Starting with the line that holds "Sync Process and", copy out each remaining line of the listing below, up to and including the last one, and include nothing else.

Data for processing
[Start of Attachment]

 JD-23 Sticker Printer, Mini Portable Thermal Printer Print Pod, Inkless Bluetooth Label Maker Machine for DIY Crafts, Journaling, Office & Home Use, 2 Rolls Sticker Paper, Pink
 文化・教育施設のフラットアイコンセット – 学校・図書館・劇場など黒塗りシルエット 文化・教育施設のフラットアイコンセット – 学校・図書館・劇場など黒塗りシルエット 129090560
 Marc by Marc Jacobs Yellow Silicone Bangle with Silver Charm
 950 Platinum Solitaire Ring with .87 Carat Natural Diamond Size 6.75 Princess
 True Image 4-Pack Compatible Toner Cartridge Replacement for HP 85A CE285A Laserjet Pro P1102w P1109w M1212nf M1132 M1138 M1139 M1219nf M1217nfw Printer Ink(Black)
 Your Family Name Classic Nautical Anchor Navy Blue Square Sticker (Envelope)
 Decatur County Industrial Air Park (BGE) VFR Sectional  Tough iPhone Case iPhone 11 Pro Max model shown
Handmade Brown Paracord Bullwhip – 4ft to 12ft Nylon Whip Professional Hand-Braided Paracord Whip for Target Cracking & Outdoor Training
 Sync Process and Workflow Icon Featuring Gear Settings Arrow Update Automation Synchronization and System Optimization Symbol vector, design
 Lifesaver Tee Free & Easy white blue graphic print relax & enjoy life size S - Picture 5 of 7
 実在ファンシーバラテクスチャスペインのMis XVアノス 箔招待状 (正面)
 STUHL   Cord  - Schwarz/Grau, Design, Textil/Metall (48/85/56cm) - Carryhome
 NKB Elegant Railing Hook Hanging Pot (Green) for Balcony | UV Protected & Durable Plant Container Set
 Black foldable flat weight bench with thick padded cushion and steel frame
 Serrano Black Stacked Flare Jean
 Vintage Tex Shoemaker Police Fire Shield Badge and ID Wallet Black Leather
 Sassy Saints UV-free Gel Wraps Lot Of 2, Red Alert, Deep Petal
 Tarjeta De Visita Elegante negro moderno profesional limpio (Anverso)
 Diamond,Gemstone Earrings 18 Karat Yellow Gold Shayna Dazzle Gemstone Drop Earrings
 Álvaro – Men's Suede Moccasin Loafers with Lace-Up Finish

[End of Attachment]

Result for this task
 Sync Process and Workflow Icon Featuring Gear Settings Arrow Update Automation Synchronization and System Optimization Symbol vector, design
 Lifesaver Tee Free & Easy white blue graphic print relax & enjoy life size S - Picture 5 of 7
 実在ファンシーバラテクスチャスペインのMis XVアノス 箔招待状 (正面)
 STUHL   Cord  - Schwarz/Grau, Design, Textil/Metall (48/85/56cm) - Carryhome
 NKB Elegant Railing Hook Hanging Pot (Green) for Balcony | UV Protected & Durable Plant Container Set
 Black foldable flat weight bench with thick padded cushion and steel frame
 Serrano Black Stacked Flare Jean
 Vintage Tex Shoemaker Police Fire Shield Badge and ID Wallet Black Leather
 Sassy Saints UV-free Gel Wraps Lot Of 2, Red Alert, Deep Petal
 Tarjeta De Visita Elegante negro moderno profesional limpio (Anverso)
 Diamond,Gemstone Earrings 18 Karat Yellow Gold Shayna Dazzle Gemstone Drop Earrings
 Álvaro – Men's Suede Moccasin Loafers with Lace-Up Finish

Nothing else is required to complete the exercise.